My stomach tightened at Dwight Sr.’s mention of the unveiling. I found Sylvia in the back room spreading a thick layer of red paint across her canvas with the blade of her Swiss Army knife, like she was frosting a cake. As I drew in a breath to ask again what was on that wall, the phone in her paint smock rang—Amber’s ringtone.
Sylvia held up her paint-covered hands. “Put her on speaker.”
I removed the phone from her smock and placed it on one of the jugs of pink hand soap for the bathroom dispenser.
“What’s up, Amber?” Sylvia said.
“Hey. Can I invite the team for a sleepover at your place tonight after Coach Kent leaves? They’ll bring sleeping bags—I promise we’ll keep the noise down.”
Sylvia looked at me with widening eyes. “You know, your mom has a huge house where you and your friends could spread out—maybe even have a cookout?”

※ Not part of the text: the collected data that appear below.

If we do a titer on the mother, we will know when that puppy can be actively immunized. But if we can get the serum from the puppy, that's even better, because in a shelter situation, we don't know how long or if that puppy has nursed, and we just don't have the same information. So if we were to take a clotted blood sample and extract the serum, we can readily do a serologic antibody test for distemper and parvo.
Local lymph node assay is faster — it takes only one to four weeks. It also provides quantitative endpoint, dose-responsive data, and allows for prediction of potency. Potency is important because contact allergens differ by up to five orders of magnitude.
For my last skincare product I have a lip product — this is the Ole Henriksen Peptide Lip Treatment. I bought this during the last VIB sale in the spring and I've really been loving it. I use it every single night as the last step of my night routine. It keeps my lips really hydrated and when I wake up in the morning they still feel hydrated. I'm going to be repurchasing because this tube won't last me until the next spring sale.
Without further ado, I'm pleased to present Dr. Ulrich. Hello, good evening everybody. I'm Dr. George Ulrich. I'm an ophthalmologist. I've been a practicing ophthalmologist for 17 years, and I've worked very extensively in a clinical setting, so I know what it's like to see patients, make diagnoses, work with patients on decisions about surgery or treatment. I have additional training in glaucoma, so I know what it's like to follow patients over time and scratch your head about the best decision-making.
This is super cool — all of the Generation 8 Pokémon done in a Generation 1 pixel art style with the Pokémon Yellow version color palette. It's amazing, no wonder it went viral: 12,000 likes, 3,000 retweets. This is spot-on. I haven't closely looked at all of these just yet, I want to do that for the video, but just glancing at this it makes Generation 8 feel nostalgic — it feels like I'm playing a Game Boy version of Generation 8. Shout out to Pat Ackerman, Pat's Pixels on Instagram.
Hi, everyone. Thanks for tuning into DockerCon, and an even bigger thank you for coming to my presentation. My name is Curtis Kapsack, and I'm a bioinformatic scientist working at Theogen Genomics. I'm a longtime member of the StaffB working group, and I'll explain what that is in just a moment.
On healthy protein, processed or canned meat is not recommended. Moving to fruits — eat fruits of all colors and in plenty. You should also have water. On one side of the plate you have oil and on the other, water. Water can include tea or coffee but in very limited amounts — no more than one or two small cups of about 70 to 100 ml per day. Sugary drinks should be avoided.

“Nice try, Sylvia. Is she standing right there?”
I appreciated Sylvia’s attempts to help us reconcile, but I knew Amber wouldn’t come around until she was ready. Leaving them to negotiate a sleepover, I busied myself by watering the plants in the front windows.
Outside, a crowd was gathering in the intersection. The sheriff’s deputies were blocking off the road to traffic, and a fire engine was positioned with its ladder extended so Tracy, one of the volunteer firefighters, could remove the cloth at the designated time.
A reporter from the Mobjack Mirror popped her head in to see if Sylvia would give her a comment before the unveiling.
“She’s on the phone,” I said, flipping the “open” sign to “closed,” and locking the door behind her.
When Sylvia finished her call, I sat her down on one of the stools at the coffee bar. Folding my arms, I said, “We’re not going anywhere until you tell me what’s on that wall.”
She looked away from me and sighed. “My silent protest.”
“That’s what I was afraid of.” I stomped my leather sandal on the wide floorboard. “You shouldn’t have done that.”